Так о каком покаянии о очищении мы можем говорить? Хором поют на праздниках или в военном строю... А каяться надо в одиночку...
В страдании человек велик, а без него он часто просто мал. Я помню, как одна из моих героинь в книге "У войны не женское лицо" потрясла меня рассказом о том, как страшно было видеть после боя убитых - и тех, и других... Молодые... Они лежали рассыпанные, как картошка... Когда этой женщине я дала почитать ее же рассказ, она все перечеркнула и принесла мне отчет о своей военно-патриотической работе: "Это, - говорила она, - ты напечатай, а то я рассказала тебе, чтобы ты поняла, как нам было страшно на войне". Она требовала достоверности, правды такой, как понимала ее. Она хотела просто жизни. Но как объяснить, что эта просто жизнь за пределами искусства. И своеволие автора лишь в одном - сделать это искусством.

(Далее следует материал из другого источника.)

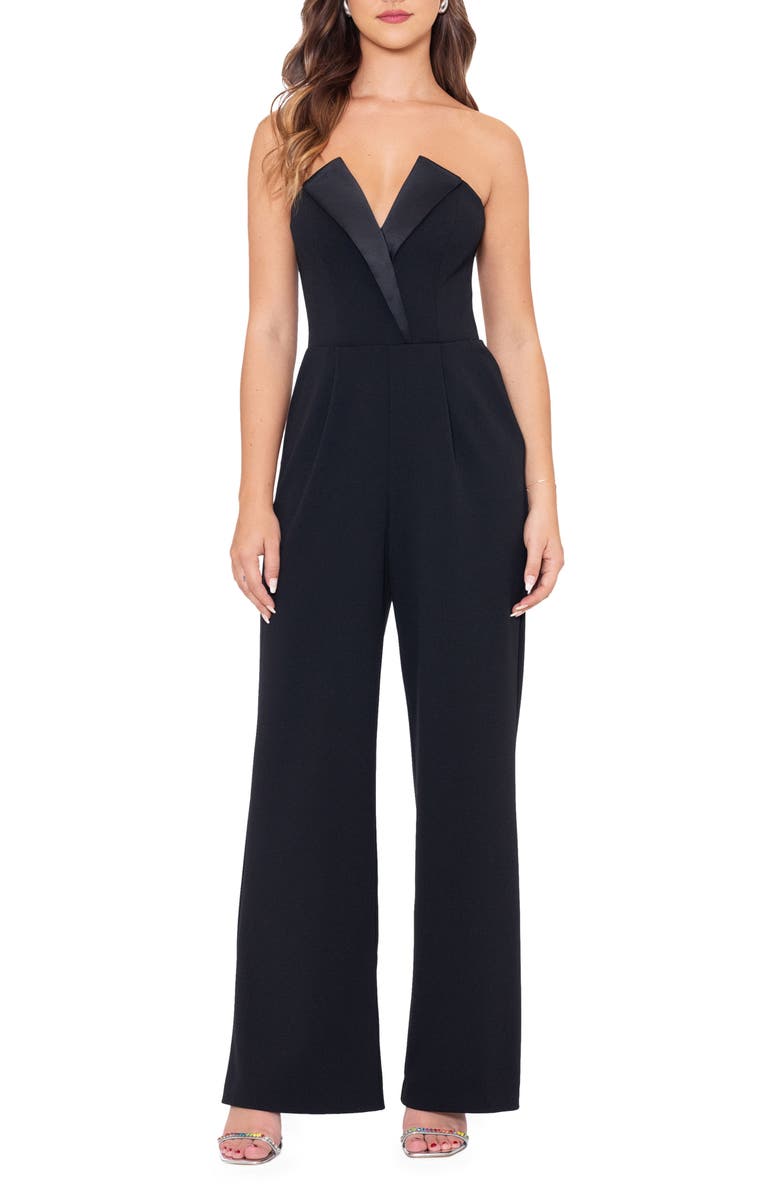 Betsy & Adam Strapless Tuxedo Jumpsuit, Main, color,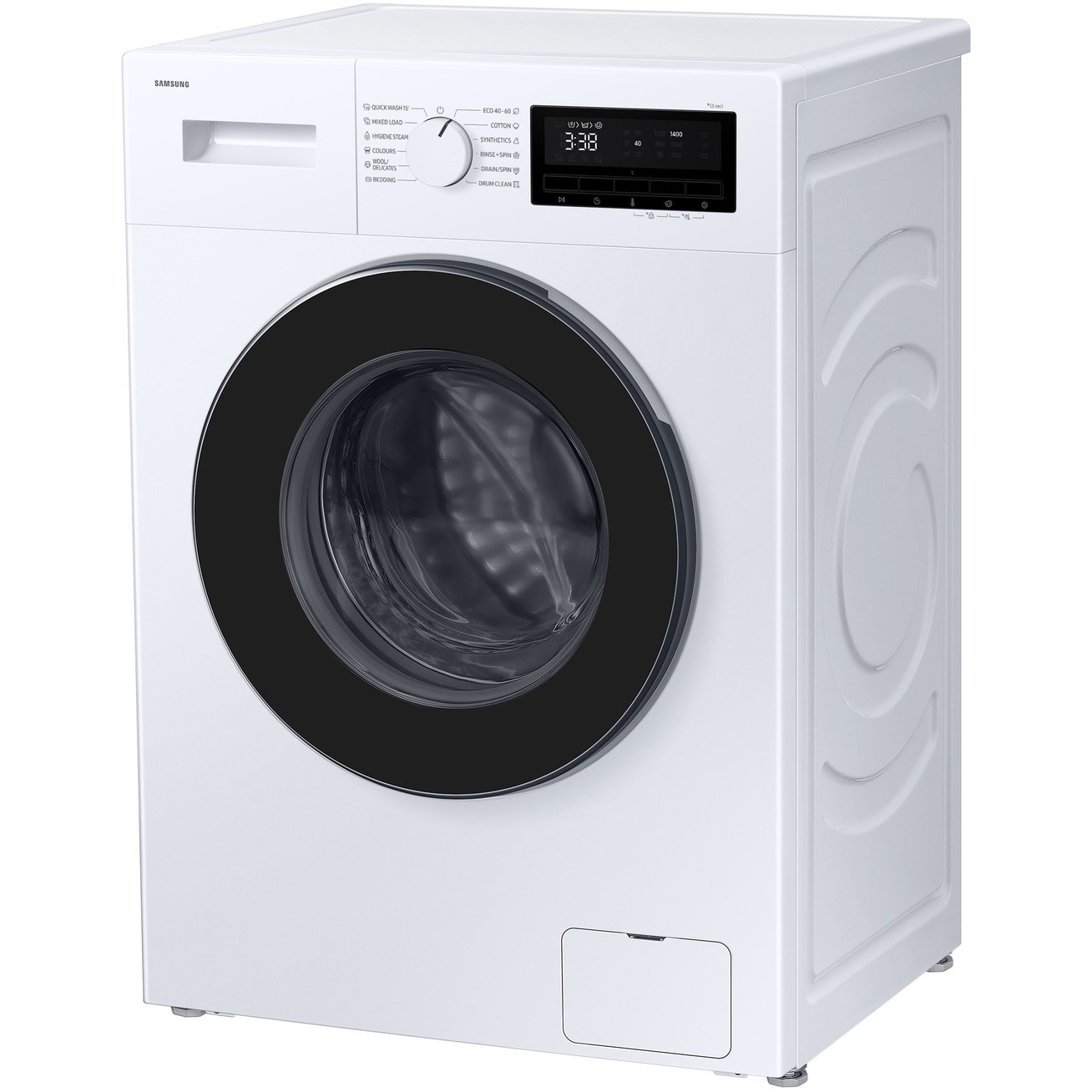 Masina de spalat rufe Samsung WW80FG3M05AWLF, 8 kg, Slim, 1400 RPM, Clasa A, Hygiene Steam, Drum Clean, Afisaj LED, Siguranta copii, Alb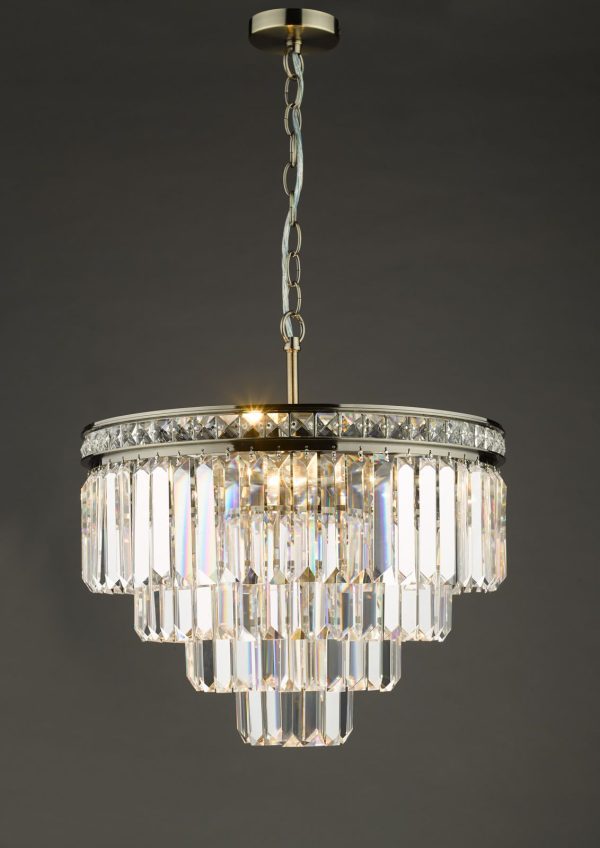 Vyana 4 Light Pendant Antique Brass Crystal - Image 7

Но под силу ли искусству весь ужас нашей жизни? Вслед за "афганским" с войны возвращается "чеченское" поколение... Человек с ружьем кажется вечным. Или наоборот: вечный человек с ружьем...
Лежит на улице Грозного человек, убитый другим человеком. И в небо смотрит...

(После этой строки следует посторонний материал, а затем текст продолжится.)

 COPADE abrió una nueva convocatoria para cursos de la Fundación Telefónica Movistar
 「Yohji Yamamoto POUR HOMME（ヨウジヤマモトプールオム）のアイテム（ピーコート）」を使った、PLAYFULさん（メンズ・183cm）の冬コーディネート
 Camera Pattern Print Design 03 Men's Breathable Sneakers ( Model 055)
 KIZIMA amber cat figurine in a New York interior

Мне говорят: "Поезжай и напиши об этом". А я не могу. Не могу уже видеть человека, превратившегося в нечеловека во имя каких-то госуджарственно-племенных идей. Для меня нет идеи выше одной - единственной человеческой жизни. Мертвый человек... Мертвая птица... Мертвый дом... Во имя? Помыть русские солдатские сапоги в индийских водах... Или качать чеченскую нефть... Не больны ли мы безумием? Разве нормальный, а не безумный человек может смотреть по телевизору и слушать каждый день по радио об убийстве: "За истекшие сутки позиции федеральных войск обстреливались тридцать четыре раза, трое военнослужащих убиты, один ранен", "Противник на подступах к городу Гудермесу понес крупные потери". Где-то в далекой русской деревне екнуло материнское сердце... Крикнуло... Я была на одних такихъ похоронах... Хоронили молодого офицера, его привезли из Грозного. Плотное людское кольцо у свежевырытой могилы... Военный оркестр... Все молчали, даже женщины не плакали. Выступал генерал... Все те же слова, что и десять, и пятьдесят, и сто лет назад: о наших границах, о великой России, о мести, о ненависти, о долге. О долге убивать?! И только маленькая девочка беззащитно и наивно вглядывалась в красный гроб: "Папа! Папочка... Куда ты ушел? Почему ты молчишь? Твы обещал вернуться... Я нарисовала тебе альбом... Папа, папочка, где ты?" Даже военный оркестр не мог заглушить ее детского недоумения. И вот, как зверька, ее отрывают от красного гроба и несут к машине: "Папа... Папочка... Па-а-а..."
Один нормальный человек был среди нас. Ребенок. А заговор взрослых продолжается. По древним ритуалам... Клятва. Салют. Мы не воюем... А гробы в Россию уже идут в Россию...
И я пишу о войне...
Светлана Алексиевич. Минск.
Цинковые мальчики
Из дневниковых записей
для книги
14 июня 1986 года
Говорю себе: я не хочу больше писать о войне. Когда окончила "У войны не женское лицо", долго не могла видеть, как от обыкновенного ушиба из носа ребенка идет кровь, убегала на даче от рыбаков, весело бросавших на береговой песок выхваченную из далеких глубин рыбу, меня тошнило от ее застывших, выпученных глаз. Наверное, у каждого из нас есть свой запас защиты от боли - физической и психологический. Мой был исчерпал до конца. Меня сводил с ума вой подбитой машиной кошки, отворачивала лицо от раздавленного дождевого червяка. Думалось не раз, что животные, птицы, рыбы, как и все живое, тоже имеют право на свою историю. Ее еще когда-нибудь напишут.